Asked about their plans in the event of the closing of the Joint Forces Command, a massive military concern in North Suffolk, many candidates were optimistic.

Both Chuckatuck competitors recommended attracting health care technology companies to replace jobs and tax revenue.

“We’ve already proved it is possible to attract other companies,” Mike Duman said. “[Health care is] another industry that would probably be suitable.”

Caroline Martin agreed on the health care angle.

“We already are a leader in health care delivery in many respects,” Martin said, pointing out that health care technology is a logical step. She added Suffolk should get “more of those eggs in the private sector budget” rather than the military.
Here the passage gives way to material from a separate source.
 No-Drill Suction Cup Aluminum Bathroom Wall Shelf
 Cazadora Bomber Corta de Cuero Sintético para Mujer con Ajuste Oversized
Charles Brown, the Cypress incumbent, lauded the teamwork the city has exhibited since the announcement of the potential closing.

“When you work as a team, you don’t lose,” he said. “We already have plan B in place, and we’ll continue to work as a team.”

His challenger, Bill Newsome, also was optimistic.

“Every problem creates an opportunity,” he said. “We still have a good location. This is going to be a good opportunity for us.”

Holy Neck incumbent Jeff Gardy gave credit to the Economic Development Authority for working to create jobs in the city.

“They are really out there … the last four years preparing for tough times,” Gardy said.

Gardy’s challenger, J.B. Varney, was absent from the forum. Gates said Varney had a family emergency.

Alvin Copeland, the challenger in the Suffolk borough, is convinced JFCOM will close and that Suffolk should prepare for when it happens.

“I want Suffolk to be competitive,” he said. “This is part of that storm I was talking about.”

Charles Parr, the Suffolk incumbent, stressed other opportunities available in Suffolk.

“There’s a lot of opportunity, and Suffolk is the belle of the ball,” he said.

Each of the candidates also gave their opinion on what should be done about the replacement of Robertson and Southwestern elementary schools.

Duman, whose sister is the principal at Robertson, said in a “perfect world,” Southwestern would be replaced and Robertson would be renovated. However, if one school is built, it should be centrally located.

“If it goes against the comprehensive plan, change it,” Duman said.

Martin began her response by advocating regular joint meetings between City Council and School Board, not just when there is a problem that needs to be solved.

“Decisions should be made based on facts and planned growth,” she said of the new school.

Brown said he feels the school should be built “where growth will be in the future” — a place he defined as along U.S. Route 58.

Newsome advocated the one-school replacement concept but insisted the decision on location should remain with the School Board.

“If they want it, it’s our job on Council to fund it,” he said. “The one-school concept, I think that’s what they should do, but again it’s up to the School Board.”

Gardy advocated building one school and said its location does not matter to him as long as it is built.

Copeland left the decision entirely up to the School Board.

“You need to let the School Board handle that,” he said. “Let them do their job.”

Parr said he supports closing the two current schools and replacing them with one school.